Britain and the US have agreed to send in additional troops.

Boris Johnson calls emergency Cobra meeting on Afghanistan UK Parliament
Afghan officials announced on Friday that the Taliban had captured Lashkar Gah.

Boris Johnson is to convene an emergency Cobra meeting on Friday afternoon to discuss the situation in Afghanistan, Downing Street has announced.

The Prime Minister’s decision to bring together a top-level Government meeting comes amid growing concern over the Taliban’s lightning offensive that is gradually encircling the capital Kabul only weeks before the full withdrawal of Allied armed forces.

Britain and the US have agreed to send in additional troops, with 600 UK personnel due to help with efforts to get citizens out of the country and support the relocation of former Afghan staff.

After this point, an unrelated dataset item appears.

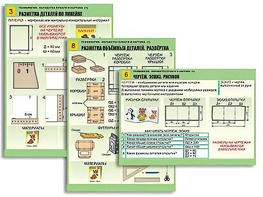 Комплект таблиц "Технология. Обработка бумаги и картона-1" (8 таблиц, А1, ламинированные, с раздаточным материалом) - fgospostavki.ru - Лесной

Defence secretary Ben Wallace said he feared multinational terror network al Qaida, the group behind atrocities such as the 9/11 attack on the World Trade Centre in New York, would “probably come back” as Afghanistan destabilises once again.

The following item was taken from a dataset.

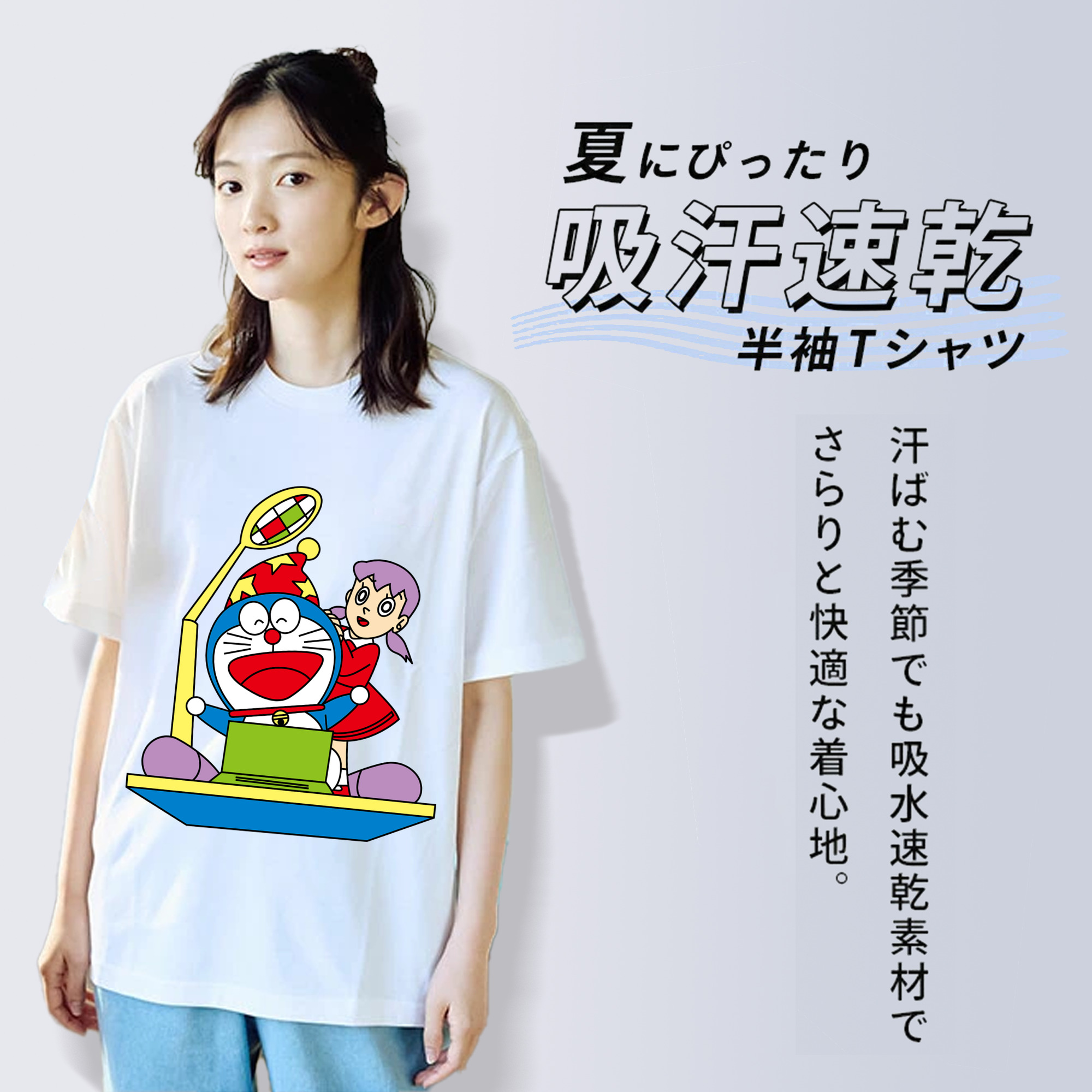 ドラえもん みなもと しずか Doraemon Shizuka Minamoto レディースカジュアルプリントTシャツ（綿100％）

Taliban insurgents are now estimated to hold more than two-thirds of Afghanistan and continue to press their offensive, having taken the country’s second and third largest cities, Kandahar and Herat, as part of a week-long blitz.

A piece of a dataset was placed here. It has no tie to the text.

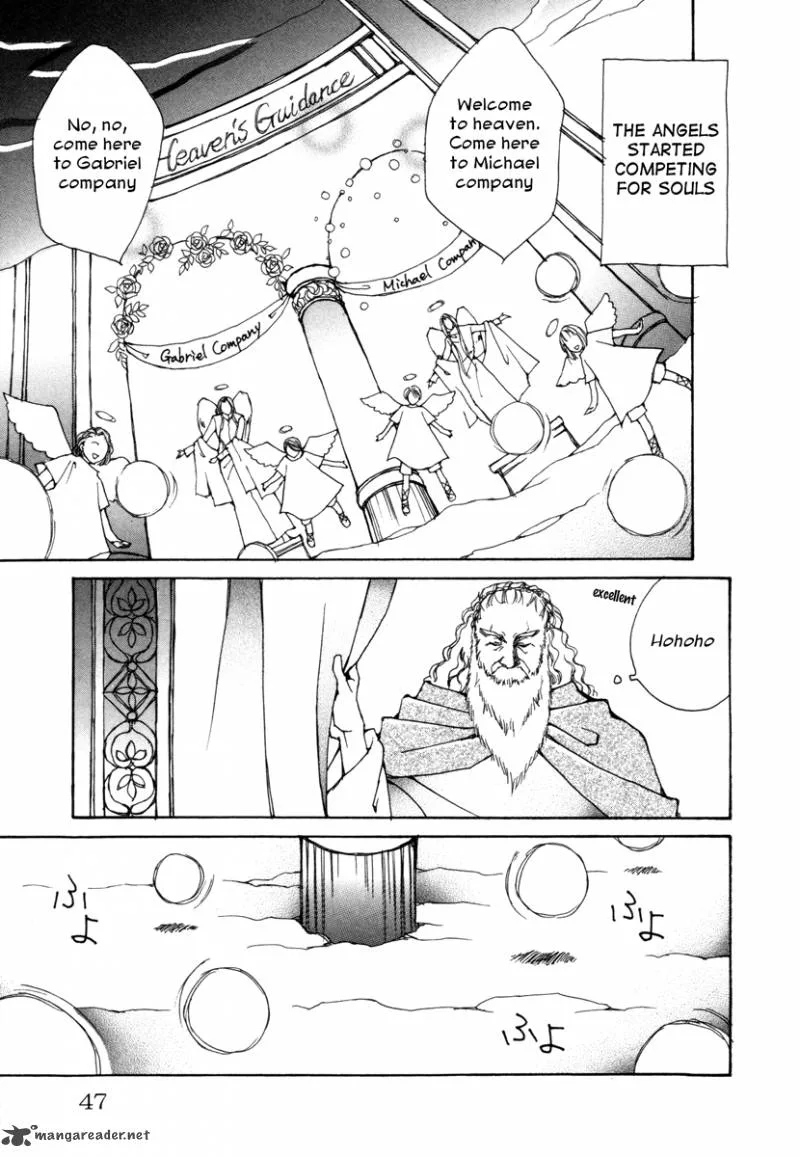 Comic Hoshi Shinichi Chapter 3 page 9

Afghan officials announced on Friday that the Taliban had captured Lashkar Gah, the capital of the southern Helmand province, giving them a further scalp as US and UK forces pare back their presence in time for withdrawal on September 11.

A No 10 spokeswoman said: “The Prime Minister is convening a Cobr this afternoon to discuss the current situation in Afghanistan.”

Johnson has come under pressure domestically to recall Parliament to debate the fallout in Afghanistan, with a cross-party call coming from Liberal Democrat leader Sir Ed Davey and Labour’s shadow foreign secretary Lisa Nandy.

The withdrawal of troops – intended to mark the end of a two-decade war – was agreed following a deal signed between then-US president Donald Trump and the Taliban in Doha, Qatar, in February 2020.

Wallace has called it a “rotten deal” but said the UK was left with no alternative but to follow Washington’s lead.

But the Cabinet minister has refused to rule out further military action in Afghanistan, despite withdrawal plans being well under way.

He told LBC: “I’m going to leave every option open. If the Taliban have a message from last time, you start hosting al Qaida, you start attacking the West or countries at that, we could be back.”

The latest US military intelligence assessment suggests Kabul could come under insurgent pressure within 30 days and that, if current trends hold, the Taliban could gain full control of the country within a few months.

Thousands of Afghans have fled their homes amid fears the Taliban will again impose a brutal, repressive government, all but eliminating women’s rights and conducting public executions.